Mas para o especialista em varejo Jean Rebetez, sócio-diretor da consultoria do grupo Gouvêa de Souza, as concorrentes da Zara não estão necessariamente entre as grandes varejistas brasileiras, mas sim entre as pequenas lojas de grife, que focam em um público mais abastado. “De certa forma, ela navega um pouco sozinha nesse segmento mais premium”, diz.
Criada em 1975, a empresa foi pioneira no mundo no segmento de “fast fashion” (moda rápida, em inglês), que busca oferecer roupas antenadas às tendências, mas com preços menores.
“A Zara consegue ter um grande volume e produção global mas mantendo uma modelagem bacana. A modelagem é de Prada e Gucci, mas o tecido não é”, explica Rebetez.
A empresa também abriu caminho para novas empresas de fast fashion, como a Forever 21, se estabelecerem por aqui, e acabou até mesmo obrigando as concorrentes nacionais a se adaptarem, oferecendo lojas mais bonitas, vitrines mais organizadas e novas coleções.

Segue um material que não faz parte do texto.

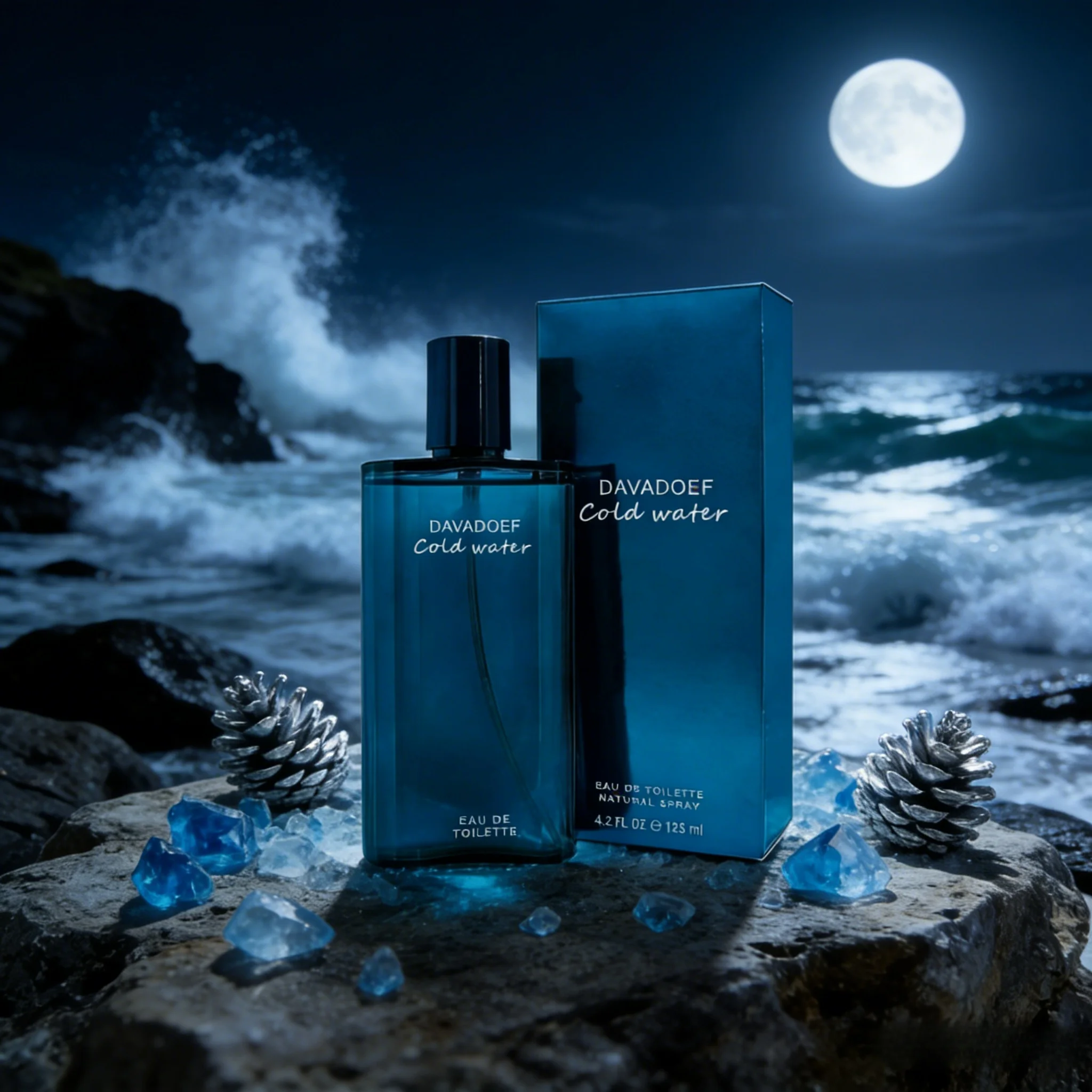 4.23 Oz Eau de Parfum para Hombre con Aroma a Agua Fría | Aroma Acuático Fresco, Fragancia de Alta Calidad, Colonia Fresca, Hombres Modernos, Fragancia Diaria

Marcelo Prado, diretor do instituto de inteligência de mercado IEMI, acredita que não necessariamente o preço das roupas por aqui é elevado a ponto de atrapalhar as vendas. “O preço da Zara ainda não é um impeditivo. Um guarda-roupa tem camisas de 50 reais e camisas de 200, depende de para o que o consumidor vai usar”, diz.
De qualquer forma, Prado ressalta que o e-commerce no Brasil, embora tenha muito potencial, ainda não é tão desenvolvido como nos Estados Unidos e na Europa. “O e-commerce ainda está bem longe de ser uma ameaça ao varejo físico no Brasil”, afirma.
Assim, ainda que as vendas online ajudem a Zara a se aproximar dos milhões de clientes pelo Brasil que ainda não podiam consumir a marca, a empresa ainda levará bons anos para ter uma presença online significativa.